- **EXERCISE DETAILS**
Could you repeat the records below exactly, without the pictures?

Image-caption web data
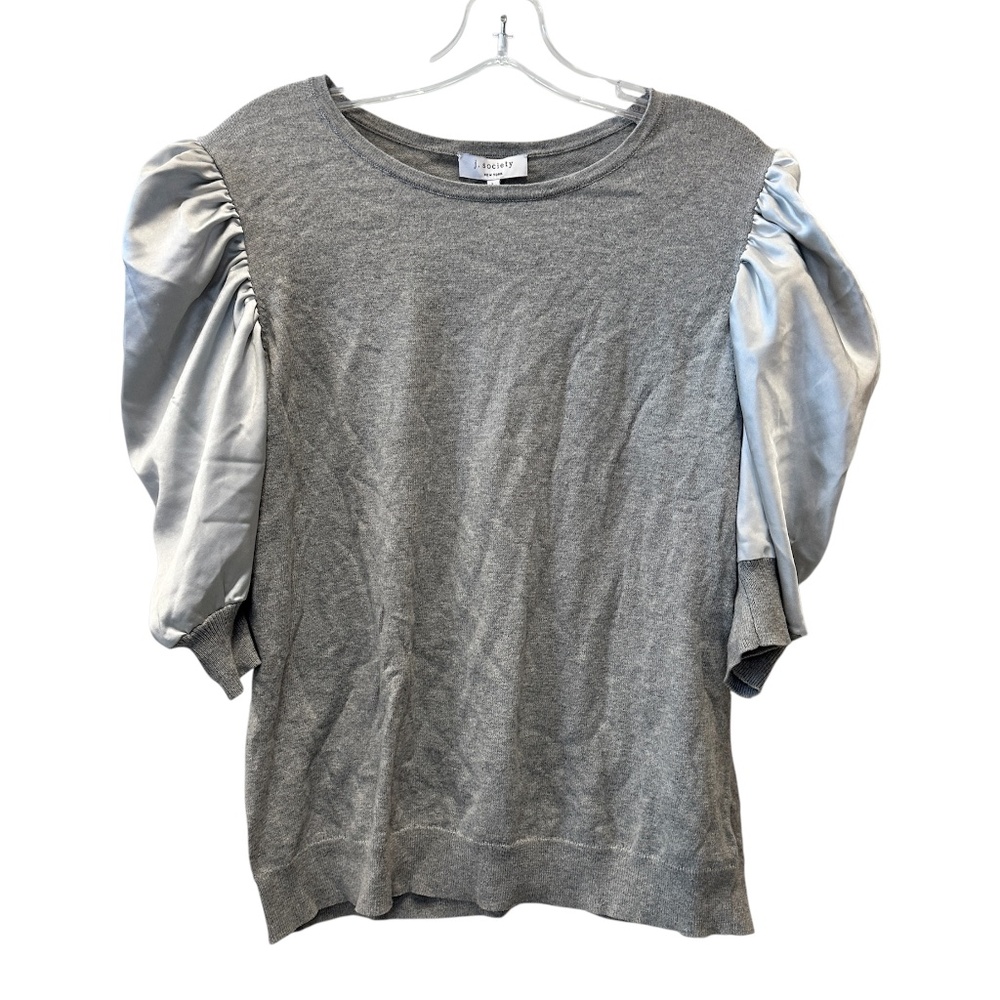 NWT J. Society Lightweight Sweater With Satin Sleeves Women's Size Large Gray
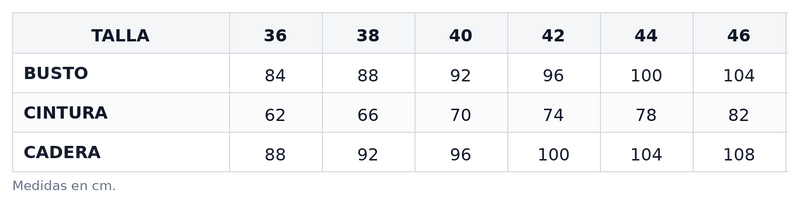 Guía de tallas — Blusa Rosetón Leopardo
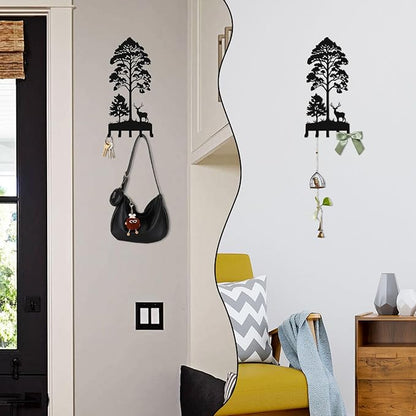 Key Holder for Wall, Metal Key Holder Hooks Organizer Rack, Key Organizer Wall Decorative with 5 Hooks for Entryway, Front Door, Hallway, Bedroom, Office (12 Inches, Deer, Tree)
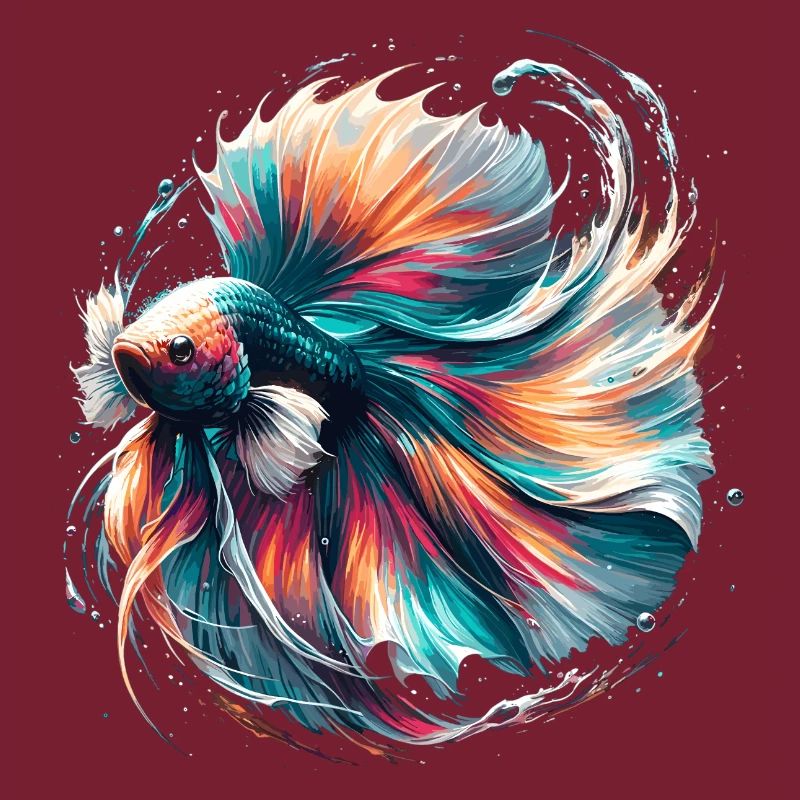 Leuchtender Betta Splendens, Kampffsich bunt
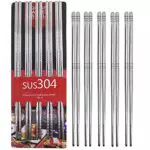 Set 10 paia bacchette in acciaio inox antiscivolo per cucina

- **EXERCISE ANSWER**
 NWT J. Society Lightweight Sweater With Satin Sleeves Women's Size Large Gray
 Guía de tallas — Blusa Rosetón Leopardo
 Key Holder for Wall, Metal Key Holder Hooks Organizer Rack, Key Organizer Wall Decorative with 5 Hooks for Entryway, Front Door, Hallway, Bedroom, Office (12 Inches, Deer, Tree)
 Leuchtender Betta Splendens, Kampffsich bunt
 Set 10 paia bacchette in acciaio inox antiscivolo per cucina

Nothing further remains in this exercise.